[Data]:
▼

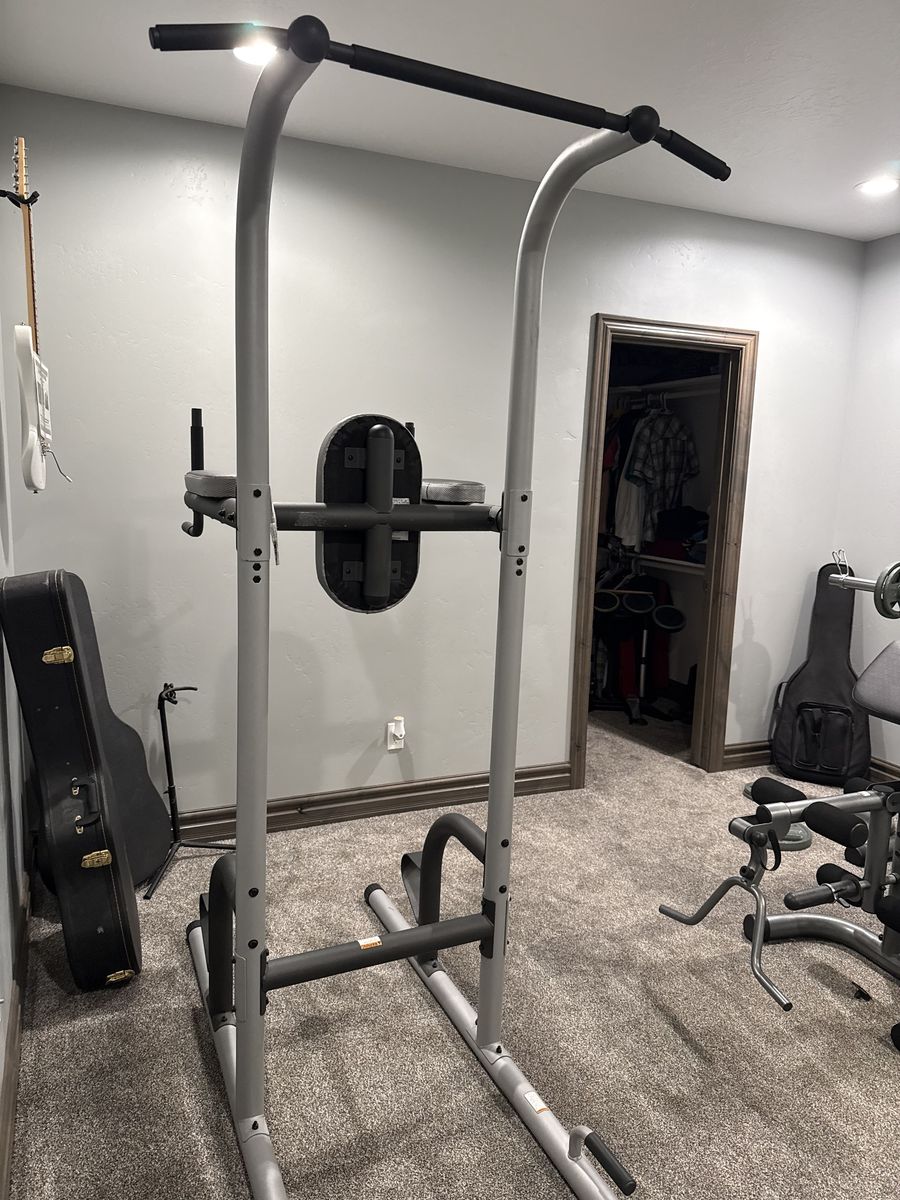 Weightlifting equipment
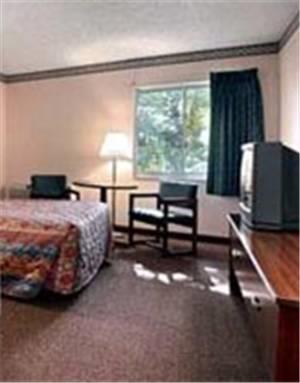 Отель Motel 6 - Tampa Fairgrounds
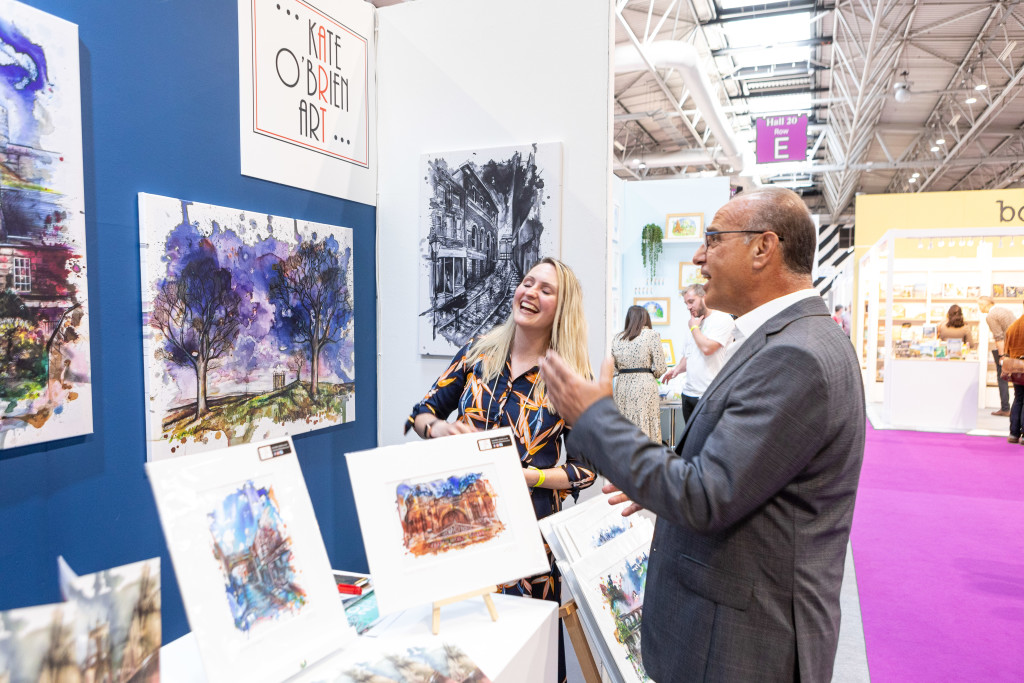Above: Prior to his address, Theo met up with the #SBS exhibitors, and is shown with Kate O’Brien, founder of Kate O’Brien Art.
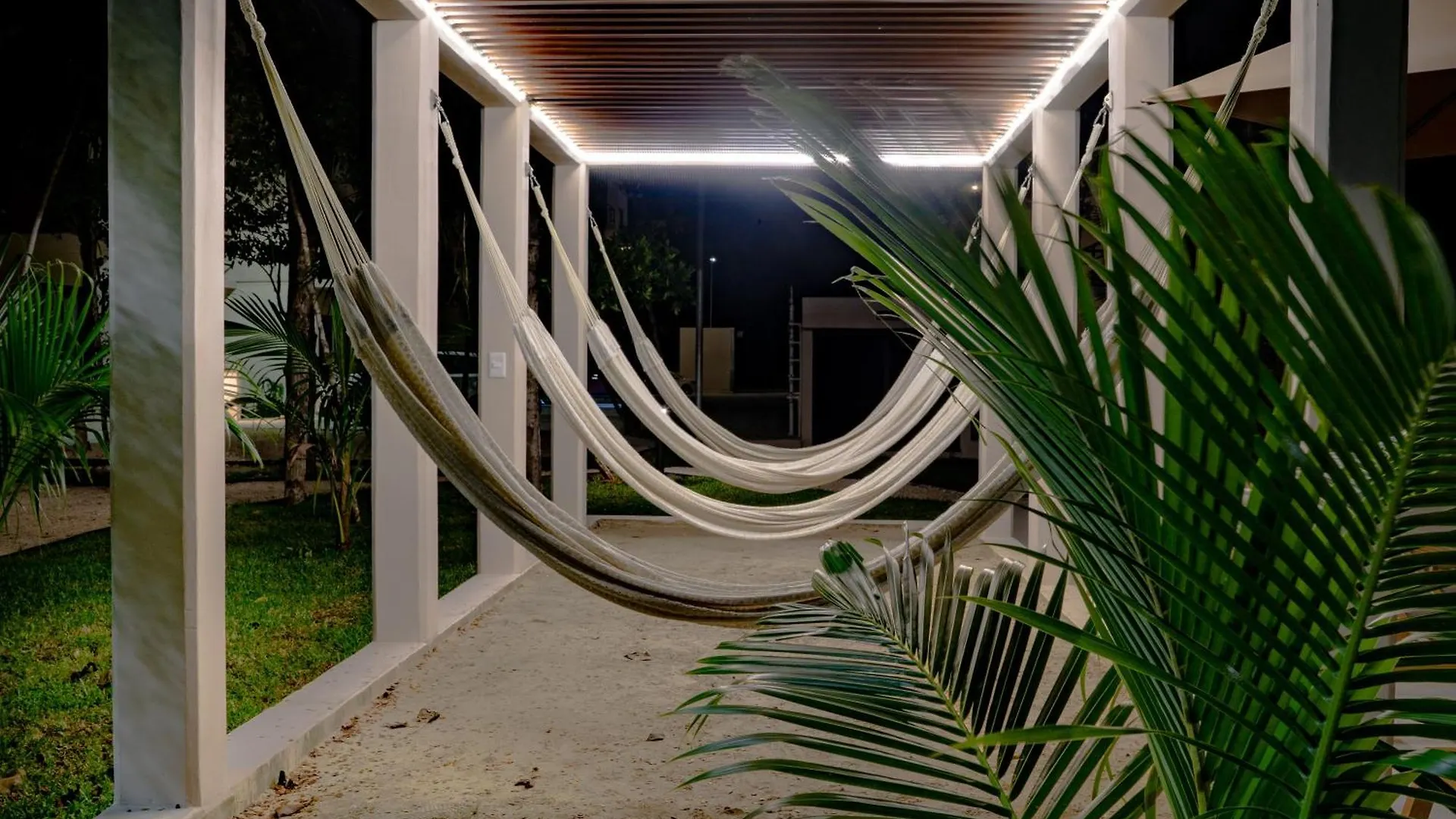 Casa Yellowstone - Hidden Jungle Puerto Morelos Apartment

▲

[Requirement]: With the pictures omitted, print each line of the data above precisely as given.

[Answer below]:
 Weightlifting equipment
 Отель Motel 6 - Tampa Fairgrounds
Above: Prior to his address, Theo met up with the #SBS exhibitors, and is shown with Kate O’Brien, founder of Kate O’Brien Art.
 Casa Yellowstone - Hidden Jungle Puerto Morelos Apartment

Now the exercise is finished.